We first pretrain (self-supervised learning) the encoder with ResNet50 as a backbone and R Decoder for 500 epochs. The backbone is initialized with a pretrained model on ImageNet. Then, we use the self-supervised learning model to initialize the whole encoder in Figure 2, and we fine-tune the encoder and FP Decoder on the LaPa and CelebAMask-HQ datasets, respectively.

In the fine-tuning stage, there are two settings for validating the performance of our method. We first randomly sample 0.2%, 0.5%, 1%, 5%, and 10% from the training data with labels to fine-tune, respectively. For these experiments, we create five different data folds, and the final performance is the average of all five folds. Then, the entire training data with labels are also used for fine-tuning.

4.2. Quantitative Evaluation

To verify the effectiveness of masked self-supervised learning, we compare our method with our baseline, which is directly trained on the labeled data without masked self-supervised learning. Table 1 summarizes the comparing results on different protocols, which shows that our approach improves the baseline significantly on two benchmarks.

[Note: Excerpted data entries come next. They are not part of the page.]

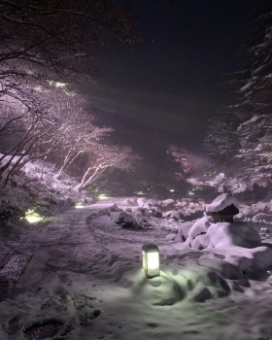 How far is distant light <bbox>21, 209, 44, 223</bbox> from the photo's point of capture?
37.0 feet

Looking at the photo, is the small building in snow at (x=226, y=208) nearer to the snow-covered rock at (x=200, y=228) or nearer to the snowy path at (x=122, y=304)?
the snow-covered rock at (x=200, y=228)

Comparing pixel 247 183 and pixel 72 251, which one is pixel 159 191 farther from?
pixel 72 251

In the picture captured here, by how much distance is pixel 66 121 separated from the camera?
838 inches

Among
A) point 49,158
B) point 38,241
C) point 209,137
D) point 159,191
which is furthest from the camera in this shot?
point 159,191

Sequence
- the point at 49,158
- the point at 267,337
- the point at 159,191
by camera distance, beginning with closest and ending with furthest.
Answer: the point at 267,337, the point at 49,158, the point at 159,191

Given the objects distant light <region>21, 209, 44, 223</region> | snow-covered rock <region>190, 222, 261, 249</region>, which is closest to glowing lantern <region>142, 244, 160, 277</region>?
snow-covered rock <region>190, 222, 261, 249</region>

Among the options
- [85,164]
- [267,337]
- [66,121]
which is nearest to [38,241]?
[267,337]

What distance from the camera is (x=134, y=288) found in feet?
14.9

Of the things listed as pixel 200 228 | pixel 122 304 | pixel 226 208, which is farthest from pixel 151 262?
pixel 200 228

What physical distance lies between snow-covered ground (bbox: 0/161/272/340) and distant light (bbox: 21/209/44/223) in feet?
8.84

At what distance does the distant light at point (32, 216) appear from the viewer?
11.3 metres

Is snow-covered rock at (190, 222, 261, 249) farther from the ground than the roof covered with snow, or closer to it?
closer to it

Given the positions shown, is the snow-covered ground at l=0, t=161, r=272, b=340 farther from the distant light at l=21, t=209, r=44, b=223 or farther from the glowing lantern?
the distant light at l=21, t=209, r=44, b=223

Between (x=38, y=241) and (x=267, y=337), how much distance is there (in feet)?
22.7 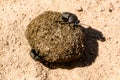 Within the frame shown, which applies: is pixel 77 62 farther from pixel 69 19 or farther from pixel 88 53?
A: pixel 69 19

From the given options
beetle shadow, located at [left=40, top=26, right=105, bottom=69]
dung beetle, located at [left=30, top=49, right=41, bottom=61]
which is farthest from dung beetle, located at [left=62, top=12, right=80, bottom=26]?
dung beetle, located at [left=30, top=49, right=41, bottom=61]

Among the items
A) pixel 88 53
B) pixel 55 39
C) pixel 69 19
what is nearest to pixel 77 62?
pixel 88 53

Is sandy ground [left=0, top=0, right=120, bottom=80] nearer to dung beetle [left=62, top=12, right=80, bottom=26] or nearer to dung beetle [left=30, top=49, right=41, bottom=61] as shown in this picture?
dung beetle [left=30, top=49, right=41, bottom=61]

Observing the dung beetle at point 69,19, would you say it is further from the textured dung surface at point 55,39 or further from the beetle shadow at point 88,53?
the beetle shadow at point 88,53

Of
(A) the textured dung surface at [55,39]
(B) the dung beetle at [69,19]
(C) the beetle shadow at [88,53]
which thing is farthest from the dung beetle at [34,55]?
(B) the dung beetle at [69,19]

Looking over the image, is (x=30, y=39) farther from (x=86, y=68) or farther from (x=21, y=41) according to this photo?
(x=86, y=68)

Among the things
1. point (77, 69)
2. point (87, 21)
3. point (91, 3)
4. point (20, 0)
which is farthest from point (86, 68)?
point (20, 0) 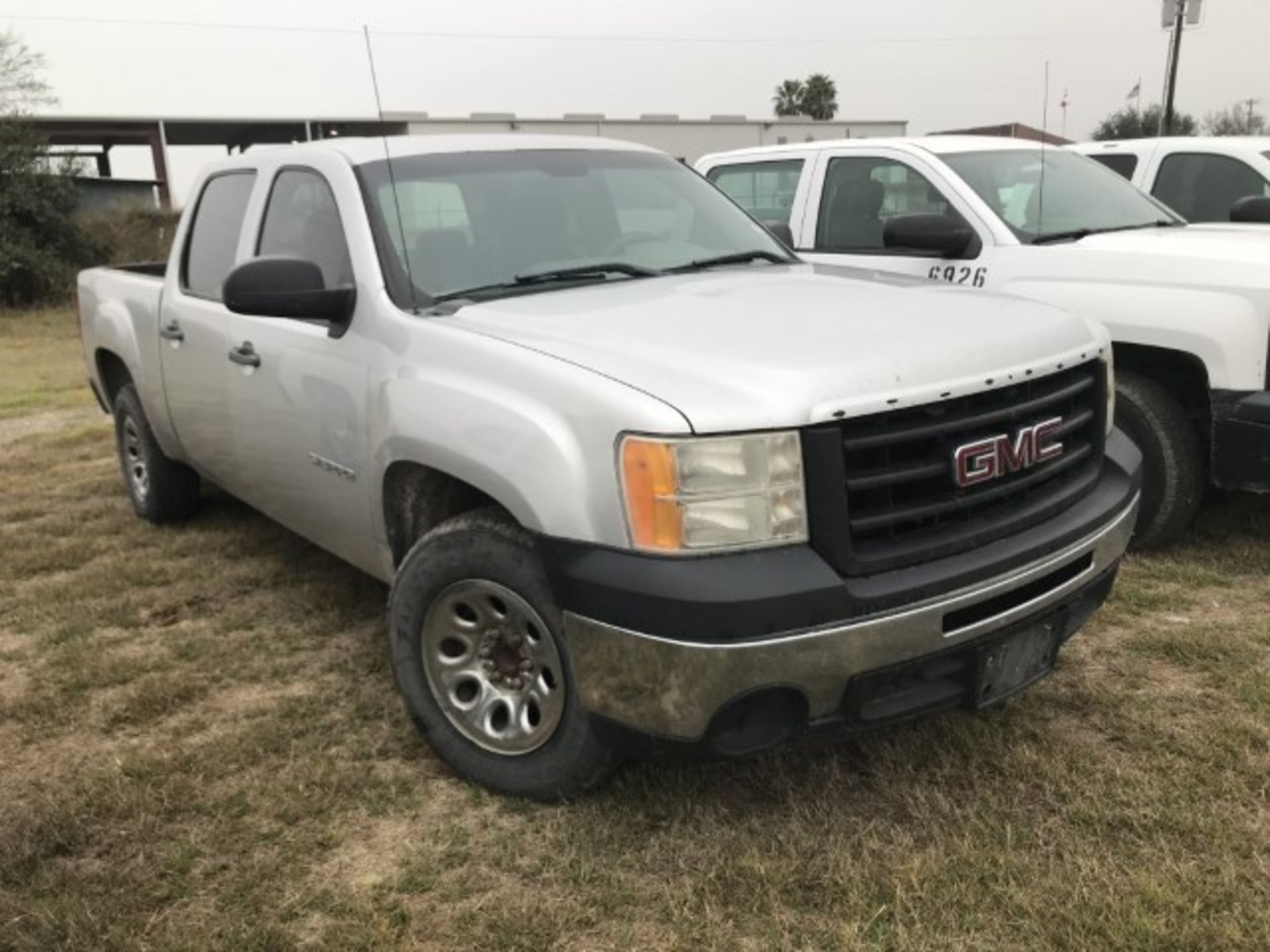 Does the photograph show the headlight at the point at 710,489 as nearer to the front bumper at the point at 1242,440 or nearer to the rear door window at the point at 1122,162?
the front bumper at the point at 1242,440

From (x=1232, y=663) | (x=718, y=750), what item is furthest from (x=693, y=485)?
(x=1232, y=663)

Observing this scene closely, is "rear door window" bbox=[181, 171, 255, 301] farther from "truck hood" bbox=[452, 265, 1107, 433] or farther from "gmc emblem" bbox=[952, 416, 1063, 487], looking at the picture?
"gmc emblem" bbox=[952, 416, 1063, 487]

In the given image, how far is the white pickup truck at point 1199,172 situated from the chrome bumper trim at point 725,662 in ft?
18.8

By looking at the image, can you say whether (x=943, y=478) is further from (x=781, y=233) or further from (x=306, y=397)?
(x=781, y=233)

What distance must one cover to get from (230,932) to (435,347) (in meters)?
1.50

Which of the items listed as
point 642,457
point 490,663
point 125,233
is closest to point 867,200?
point 490,663

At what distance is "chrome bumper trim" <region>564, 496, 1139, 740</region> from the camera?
239 centimetres

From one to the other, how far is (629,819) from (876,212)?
391cm

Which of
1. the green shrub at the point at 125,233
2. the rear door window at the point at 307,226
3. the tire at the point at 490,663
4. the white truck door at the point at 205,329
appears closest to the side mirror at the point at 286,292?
the rear door window at the point at 307,226

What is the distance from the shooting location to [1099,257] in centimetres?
475

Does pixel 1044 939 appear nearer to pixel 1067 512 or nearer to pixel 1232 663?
pixel 1067 512

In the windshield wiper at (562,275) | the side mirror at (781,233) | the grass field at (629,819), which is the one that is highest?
the windshield wiper at (562,275)

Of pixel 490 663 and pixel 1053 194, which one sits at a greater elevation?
pixel 1053 194

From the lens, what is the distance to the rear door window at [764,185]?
249 inches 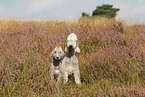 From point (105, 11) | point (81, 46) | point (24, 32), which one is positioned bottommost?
point (81, 46)

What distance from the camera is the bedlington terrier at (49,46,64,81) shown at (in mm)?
3211

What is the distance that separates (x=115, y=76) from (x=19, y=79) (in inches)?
81.8

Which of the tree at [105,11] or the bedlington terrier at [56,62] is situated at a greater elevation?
the tree at [105,11]

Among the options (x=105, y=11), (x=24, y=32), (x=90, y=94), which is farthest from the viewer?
(x=105, y=11)

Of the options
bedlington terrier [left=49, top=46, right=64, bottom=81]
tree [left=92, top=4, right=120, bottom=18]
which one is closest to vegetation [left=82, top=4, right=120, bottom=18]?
tree [left=92, top=4, right=120, bottom=18]

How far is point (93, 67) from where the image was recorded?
3.74m

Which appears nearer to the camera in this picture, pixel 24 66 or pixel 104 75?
pixel 24 66

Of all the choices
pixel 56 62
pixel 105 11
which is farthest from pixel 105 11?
pixel 56 62

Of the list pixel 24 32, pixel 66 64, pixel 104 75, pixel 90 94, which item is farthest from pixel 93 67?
pixel 24 32

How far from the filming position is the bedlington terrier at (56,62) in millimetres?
3211

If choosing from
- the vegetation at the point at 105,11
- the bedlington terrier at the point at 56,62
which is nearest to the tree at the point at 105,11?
the vegetation at the point at 105,11

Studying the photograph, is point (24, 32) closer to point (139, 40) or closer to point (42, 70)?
point (42, 70)

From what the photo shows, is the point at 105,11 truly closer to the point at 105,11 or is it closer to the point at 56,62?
the point at 105,11

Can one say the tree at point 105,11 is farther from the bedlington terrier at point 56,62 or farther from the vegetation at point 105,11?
the bedlington terrier at point 56,62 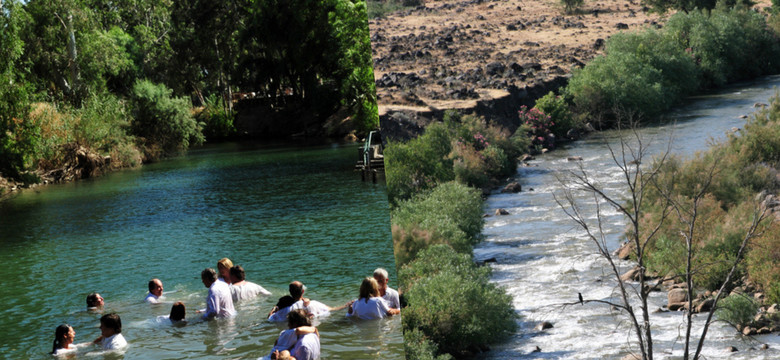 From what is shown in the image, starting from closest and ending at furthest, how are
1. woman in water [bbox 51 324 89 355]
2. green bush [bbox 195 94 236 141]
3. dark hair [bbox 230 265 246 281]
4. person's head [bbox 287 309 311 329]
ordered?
1. person's head [bbox 287 309 311 329]
2. woman in water [bbox 51 324 89 355]
3. dark hair [bbox 230 265 246 281]
4. green bush [bbox 195 94 236 141]

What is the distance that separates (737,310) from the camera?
333cm

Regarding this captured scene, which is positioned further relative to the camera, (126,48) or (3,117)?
(126,48)

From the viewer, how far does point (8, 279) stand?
48.1 ft

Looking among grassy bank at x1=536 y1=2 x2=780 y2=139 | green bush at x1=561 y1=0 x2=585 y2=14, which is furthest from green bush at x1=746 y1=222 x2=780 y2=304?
green bush at x1=561 y1=0 x2=585 y2=14

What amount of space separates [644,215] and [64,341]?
701cm

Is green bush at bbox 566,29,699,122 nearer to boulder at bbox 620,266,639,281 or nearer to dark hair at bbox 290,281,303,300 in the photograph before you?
boulder at bbox 620,266,639,281

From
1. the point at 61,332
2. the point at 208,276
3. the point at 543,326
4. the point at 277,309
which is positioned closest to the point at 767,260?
the point at 543,326

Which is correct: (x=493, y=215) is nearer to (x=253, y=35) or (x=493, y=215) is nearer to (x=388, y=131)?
(x=388, y=131)

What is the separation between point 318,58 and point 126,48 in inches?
353

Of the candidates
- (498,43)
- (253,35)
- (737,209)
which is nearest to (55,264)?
(498,43)

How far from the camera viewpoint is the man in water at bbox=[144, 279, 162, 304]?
10.8 metres

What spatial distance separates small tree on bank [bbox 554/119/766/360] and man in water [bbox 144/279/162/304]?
7.97 meters

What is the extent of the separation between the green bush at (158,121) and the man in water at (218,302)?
25249mm

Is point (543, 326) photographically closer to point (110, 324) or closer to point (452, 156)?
point (452, 156) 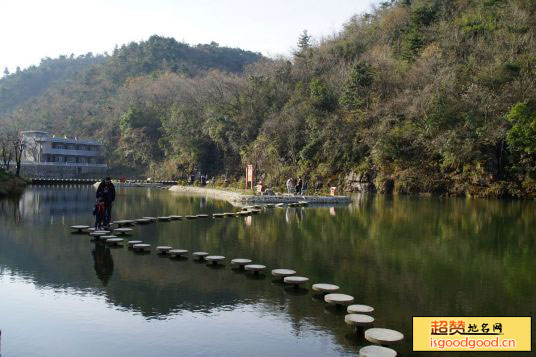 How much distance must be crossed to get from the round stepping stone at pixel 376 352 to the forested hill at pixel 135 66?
80.9 metres

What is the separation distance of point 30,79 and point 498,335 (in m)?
127

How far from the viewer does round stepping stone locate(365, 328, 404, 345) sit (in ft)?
20.7

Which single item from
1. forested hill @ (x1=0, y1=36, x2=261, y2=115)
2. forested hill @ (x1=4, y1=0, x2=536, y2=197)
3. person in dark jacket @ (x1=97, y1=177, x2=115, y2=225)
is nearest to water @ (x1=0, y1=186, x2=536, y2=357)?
person in dark jacket @ (x1=97, y1=177, x2=115, y2=225)

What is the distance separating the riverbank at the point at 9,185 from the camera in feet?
108

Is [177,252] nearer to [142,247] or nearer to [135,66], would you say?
[142,247]

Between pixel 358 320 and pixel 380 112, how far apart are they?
37.3 meters

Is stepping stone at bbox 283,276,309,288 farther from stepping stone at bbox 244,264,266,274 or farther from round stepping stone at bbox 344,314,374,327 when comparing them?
round stepping stone at bbox 344,314,374,327

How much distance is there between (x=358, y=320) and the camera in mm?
7016

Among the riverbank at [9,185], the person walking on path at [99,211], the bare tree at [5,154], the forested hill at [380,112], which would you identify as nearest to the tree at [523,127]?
the forested hill at [380,112]

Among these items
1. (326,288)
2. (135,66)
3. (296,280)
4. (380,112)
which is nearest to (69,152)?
(135,66)

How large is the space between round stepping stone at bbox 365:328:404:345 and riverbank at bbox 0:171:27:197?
31303mm

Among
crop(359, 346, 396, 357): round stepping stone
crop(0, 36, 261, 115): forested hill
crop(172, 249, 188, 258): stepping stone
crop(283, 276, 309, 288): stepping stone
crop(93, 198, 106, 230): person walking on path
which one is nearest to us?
crop(359, 346, 396, 357): round stepping stone

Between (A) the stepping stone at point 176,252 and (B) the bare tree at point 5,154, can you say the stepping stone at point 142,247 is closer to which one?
(A) the stepping stone at point 176,252

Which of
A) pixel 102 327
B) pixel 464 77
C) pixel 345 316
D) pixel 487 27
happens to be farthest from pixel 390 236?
pixel 487 27
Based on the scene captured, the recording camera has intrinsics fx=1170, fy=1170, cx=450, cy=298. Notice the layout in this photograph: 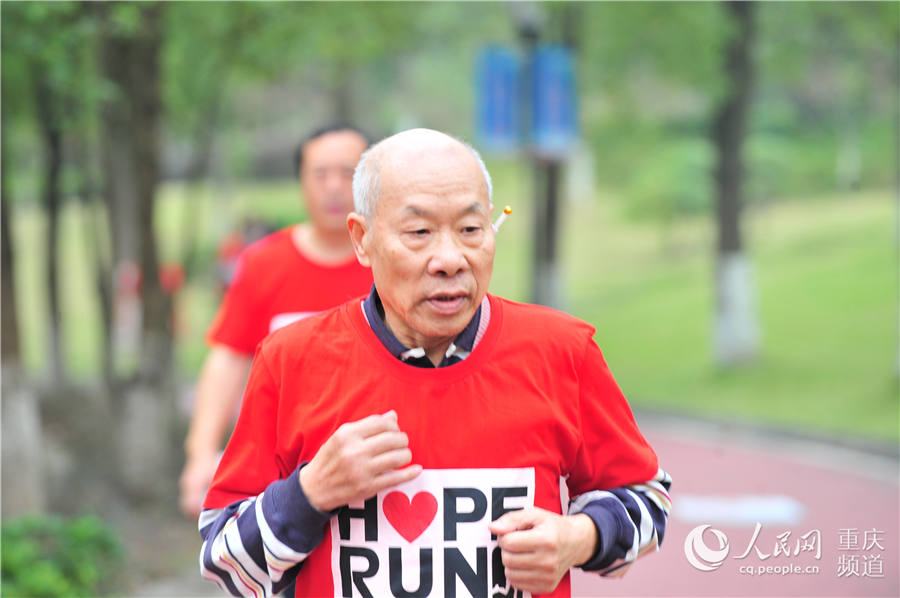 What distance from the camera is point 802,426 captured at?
39.7 ft

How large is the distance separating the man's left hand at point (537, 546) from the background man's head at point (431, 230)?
0.35 m

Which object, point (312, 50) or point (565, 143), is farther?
point (565, 143)

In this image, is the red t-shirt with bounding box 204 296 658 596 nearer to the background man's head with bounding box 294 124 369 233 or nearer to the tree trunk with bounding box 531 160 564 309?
the background man's head with bounding box 294 124 369 233

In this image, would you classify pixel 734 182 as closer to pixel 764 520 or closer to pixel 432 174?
pixel 764 520

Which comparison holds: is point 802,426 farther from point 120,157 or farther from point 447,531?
point 447,531

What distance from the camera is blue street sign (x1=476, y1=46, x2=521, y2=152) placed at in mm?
13984

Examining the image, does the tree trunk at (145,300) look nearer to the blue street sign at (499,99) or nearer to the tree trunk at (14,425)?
the tree trunk at (14,425)

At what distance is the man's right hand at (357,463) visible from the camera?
197cm

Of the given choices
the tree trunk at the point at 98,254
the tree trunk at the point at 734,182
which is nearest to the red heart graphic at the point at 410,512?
the tree trunk at the point at 98,254

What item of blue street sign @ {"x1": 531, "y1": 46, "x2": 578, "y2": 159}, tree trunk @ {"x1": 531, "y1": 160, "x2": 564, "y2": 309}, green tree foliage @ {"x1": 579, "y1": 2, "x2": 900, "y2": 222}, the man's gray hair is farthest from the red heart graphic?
tree trunk @ {"x1": 531, "y1": 160, "x2": 564, "y2": 309}

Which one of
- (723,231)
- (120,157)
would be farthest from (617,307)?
(120,157)

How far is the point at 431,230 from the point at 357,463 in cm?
42

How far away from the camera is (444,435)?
2066mm

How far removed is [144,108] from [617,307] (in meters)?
14.7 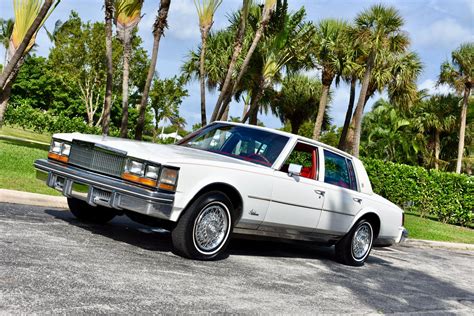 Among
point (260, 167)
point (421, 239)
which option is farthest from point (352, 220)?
point (421, 239)

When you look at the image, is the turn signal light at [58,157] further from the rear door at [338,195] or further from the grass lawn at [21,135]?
the grass lawn at [21,135]

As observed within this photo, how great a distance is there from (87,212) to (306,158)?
116 inches

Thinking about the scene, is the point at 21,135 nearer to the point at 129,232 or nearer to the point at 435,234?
the point at 435,234

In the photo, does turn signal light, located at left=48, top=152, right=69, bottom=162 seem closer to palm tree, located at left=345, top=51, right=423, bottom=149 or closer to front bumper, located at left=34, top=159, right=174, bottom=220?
front bumper, located at left=34, top=159, right=174, bottom=220

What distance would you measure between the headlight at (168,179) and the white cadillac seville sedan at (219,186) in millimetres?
10

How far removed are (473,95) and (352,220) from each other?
3519 cm

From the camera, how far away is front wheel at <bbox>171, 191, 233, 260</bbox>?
613 centimetres

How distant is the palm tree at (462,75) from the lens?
127 feet

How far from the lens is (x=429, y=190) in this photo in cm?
2281

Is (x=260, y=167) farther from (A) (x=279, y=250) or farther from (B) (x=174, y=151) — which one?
(A) (x=279, y=250)

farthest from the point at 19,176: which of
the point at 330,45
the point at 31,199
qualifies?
the point at 330,45

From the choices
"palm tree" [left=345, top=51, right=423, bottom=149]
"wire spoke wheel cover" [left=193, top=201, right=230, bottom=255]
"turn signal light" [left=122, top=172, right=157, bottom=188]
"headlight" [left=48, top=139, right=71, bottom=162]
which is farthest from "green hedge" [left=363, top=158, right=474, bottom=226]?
"turn signal light" [left=122, top=172, right=157, bottom=188]

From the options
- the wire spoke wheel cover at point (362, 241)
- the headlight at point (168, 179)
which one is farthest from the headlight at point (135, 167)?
the wire spoke wheel cover at point (362, 241)

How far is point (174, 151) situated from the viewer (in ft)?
21.9
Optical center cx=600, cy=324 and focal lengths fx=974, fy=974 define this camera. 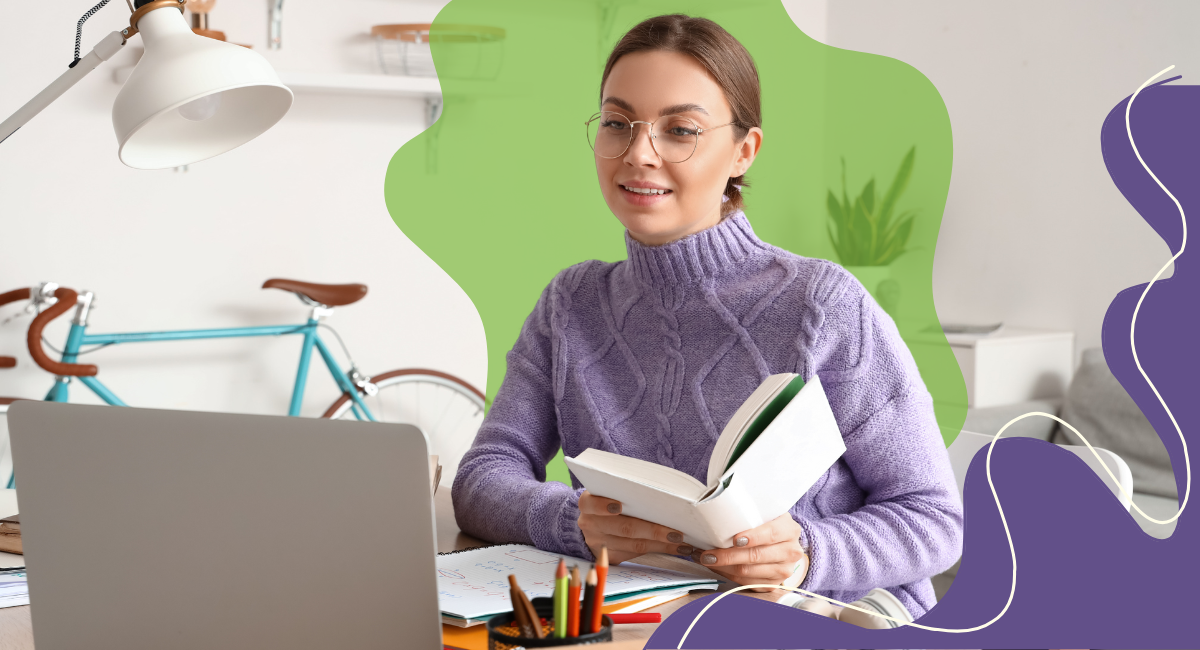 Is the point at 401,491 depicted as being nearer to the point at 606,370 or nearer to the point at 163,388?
the point at 606,370

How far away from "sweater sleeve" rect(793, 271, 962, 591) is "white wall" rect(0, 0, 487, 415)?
1.56 m

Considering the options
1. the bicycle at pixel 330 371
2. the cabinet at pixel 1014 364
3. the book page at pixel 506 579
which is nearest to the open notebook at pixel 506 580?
the book page at pixel 506 579

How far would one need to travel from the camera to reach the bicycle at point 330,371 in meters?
2.25

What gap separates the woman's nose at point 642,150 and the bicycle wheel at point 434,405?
6.05 feet

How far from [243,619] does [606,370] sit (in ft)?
1.94

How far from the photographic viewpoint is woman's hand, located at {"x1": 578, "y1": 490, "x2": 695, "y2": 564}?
2.70 feet

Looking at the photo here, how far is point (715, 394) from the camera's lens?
3.50 feet

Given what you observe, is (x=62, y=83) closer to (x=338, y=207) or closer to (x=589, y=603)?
(x=589, y=603)

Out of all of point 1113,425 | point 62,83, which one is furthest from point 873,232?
point 1113,425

Specifically, our approach outperforms the baseline by 5.02 mIoU, 2.91 mIoU, 2.14 mIoU, 1.07 mIoU, and 1.14 mIoU when there are 0.2%, 0.5%, 1%, 5% and 10% labeled data from the LaPa dataset, respectively. As for the comparing results at the entire training data on the LaPa dataset, our approach outperforms the baseline by 0.22 mIoU. The comparing results on the CelebAMask-HQ dataset also show our approach outperforms the baseline by a large margin. For the entire training data setting, we compare our method with other state-of-the-art methods in terms of F1 score. Table 2 and Table 3 show the performance comparison between our approach and the state-of-the-art methods trained on the entire data of the LaPa dataset and the CelebAMask-HQ dataset, respectively. Our approach achieves a new state-of-the-art performance with the mean F1 score of 92.5 on LaPa and 86.7 on CelebAMask-HQ, respectively. Our approach also achieves the best performance on some facial semantic parts.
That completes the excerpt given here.